Der Tod erlöst im christlichen Glauben vom irdischen Sündenpfuhl und bedeutet den Übergang in die Ewigkeit. Noch vor 50 Jahren starben zwei Drittel der Bundesbürger daheim, heutzutage erlebt jeder zweite sein Ende im Krankenhaus. Immer mehr Menschen haben noch nie einen Toten gesehen.

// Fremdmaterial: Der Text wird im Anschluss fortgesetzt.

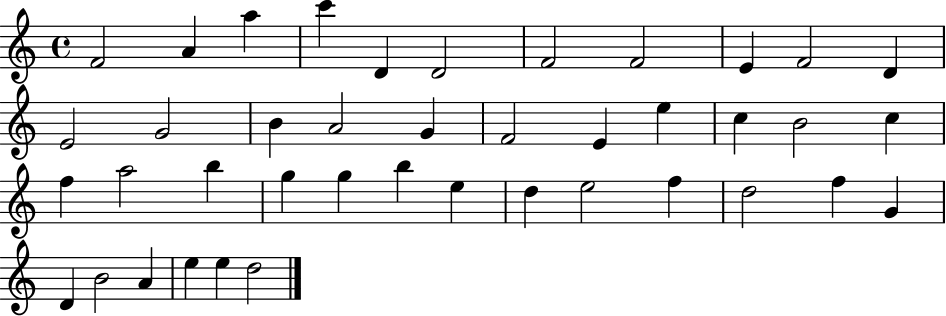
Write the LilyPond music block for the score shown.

{
  \clef treble
  \time 4/4
  \defaultTimeSignature
  \key c \major
  f'2 a'4 a''4 | c'''4 d'4 d'2 | f'2 f'2 | e'4 f'2 d'4 | \break e'2 g'2 | b'4 a'2 g'4 | f'2 e'4 e''4 | c''4 b'2 c''4 | \break f''4 a''2 b''4 | g''4 g''4 b''4 e''4 | d''4 e''2 f''4 | d''2 f''4 g'4 | \break d'4 b'2 a'4 | e''4 e''4 d''2 | \bar "|."
}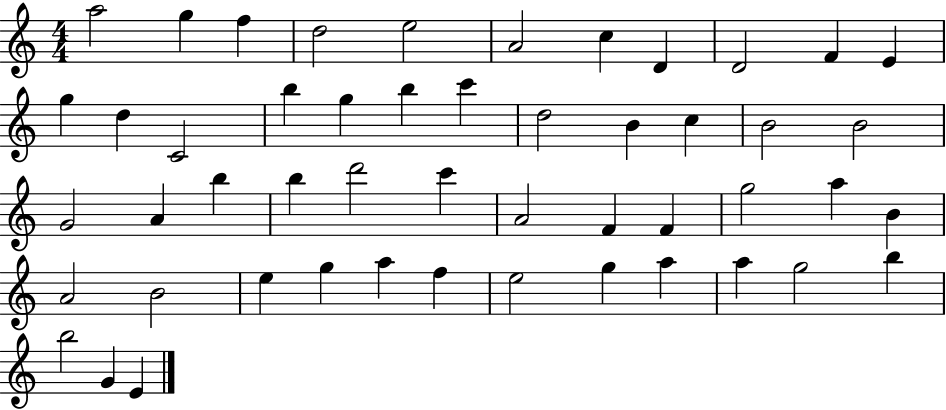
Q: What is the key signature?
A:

In den Jahren 1968 und folgende hat das Sterben den Sex als gesellschaftliches Tabu abgelöst. Tabu im aufgelockerten Sinn: nicht, dass Reden über Sterben ungehörig gewesen sei, vielmehr dass es in der bundesrepublikanischen 70er-Jahre-Gesellschaft keinen Platz hatte. Sterben und Tod verschwanden aus dem Alltag, die marktwirtschaftliche Zentralvokabel hieß und heißt Wachstum, kollektive Werte verabschiedeten sich zugunsten individueller wie Selbstverwirklichung und Selbstbestimmung. Dieser Säkularisationsprozess erodierte den Glauben vom Weiterleben nach dem Tod. Das narzisstische Ich, sagt Sigmund Freud, kann sich einen Tod nicht vorstellen. Der Tod war nicht mehr nur als unbegriffener ein latent unheimlicher, sondern er war der Einbildungskraft entzogen. Für Freud sind diese Ichs nicht in der Lage, zum Realismus einer Endlichkeit vorzudringen.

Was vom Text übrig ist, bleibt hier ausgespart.